If there is one key “feature” of phishing that has characterized the epidemic of malicious emails since the very beginning back in the early 2000s, it is the spoofing of well-recognized brand names.
The earliest phishing emails primarily spoofed banks and other financial institutions in order to trick unwitting users into coughing up their online banking credentials, thus laying bare thseir accounts for exploitation. Over the intervening years malicious actors have expanded their menu of spoofed brand names to include all manner of high profile companies that users interact with on a daily basis, especially those that provide services and products directly to consumers.
While we continue to see the bad guys reliably leveraging the trust that consumers place these well-known companies in order to successfully prosecute phishing campaigns, we have also noticed over the past year that the bad guys have been increasingly targeting other companies and brands that do not fit the usual names we typically see spoofed in phishing emails.
Take for example, this phishing email that was reported to us by one of our customers using the Phish Alert Button (PAB):
While GoDaddy will certainly be familiar to IT professionals as well as those who self-publish their own web sites, GoDaddy is not a company with which most lay users or consumers will have much direct experience. They may have heard of GoDaddy, might have seen the occasional GoDaddy banner ad, and may even have some vague idea what GoDaddy does, they are not likely to have the same level of knowledge or familiarity with GoDaddy as they would with the company being spoofed in a phish like this one:
Google is obviously one of the more well-recognized brands in the world, and most users and consumers will likely have had some interaction with the company. Many will be using the company’s services daily. Google, then, is an obvious choice for spoofing. But the bad guys exploit other brands that those working in modern corporate offices will have encountered in their professional lives, if not their personal ones as well.
GoDaddy, however, does not easily fit the pattern of the most frequently spoofed brands that we typically see in malicious emails. It may have a large presence on the internet and been around in one form or another since the mid-1990s, but it does not seem as ripe for spoofing in phishing campaigns as companies like Google or DocuSign.
Nonetheless, we are now seeing just over a dozen online brands that are being reliably spoofed on almost a daily basis — brands that strike us as less obvious targets for mass phishing campaigns. And we are now wondering why these brands became a focus for the bad guys and what the bad guys hope to do with them.
Before taking a closer look at what we shall term “sub-premium” phishing brands that we have recently noticed being spoofed in phishing campaigns, it would be useful to lay out the common characteristics of the “premium” brands that have long been staples of malicious emails.
The most frequently spoofed brands tend to fall into four large groups or industries:
- Financial services (Wells Fargo, Chase, Citi, HSBC, Santander, Navy Federal, etc.)
- Online services & consumer products (Apple, Amazon, Google, Microsoft, Yahoo, Netflix, etc.)
- Package or parcel delivery (DHL, Fedex, UPS, etc.)
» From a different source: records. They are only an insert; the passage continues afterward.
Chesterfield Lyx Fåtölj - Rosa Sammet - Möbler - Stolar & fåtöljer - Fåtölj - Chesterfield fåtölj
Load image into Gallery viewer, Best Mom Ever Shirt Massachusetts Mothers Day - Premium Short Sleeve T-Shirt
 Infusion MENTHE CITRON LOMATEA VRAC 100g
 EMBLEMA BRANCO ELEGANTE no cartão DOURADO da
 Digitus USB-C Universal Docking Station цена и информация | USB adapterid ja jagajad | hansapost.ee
- Money transfer (Paypal, Western Union)
- File sharing/delivery/signing (Docusign, OneDrive, Dropbox, etc.)
These “premium” bands share several common qualities that make them ripe for use in the social engineering schemes that power phishing campaigns:
- Many users and consumers have daily interactions with them and, thus, place some measure of trust in those companies to provide services and products as well as to receive and store their own private or confidential information.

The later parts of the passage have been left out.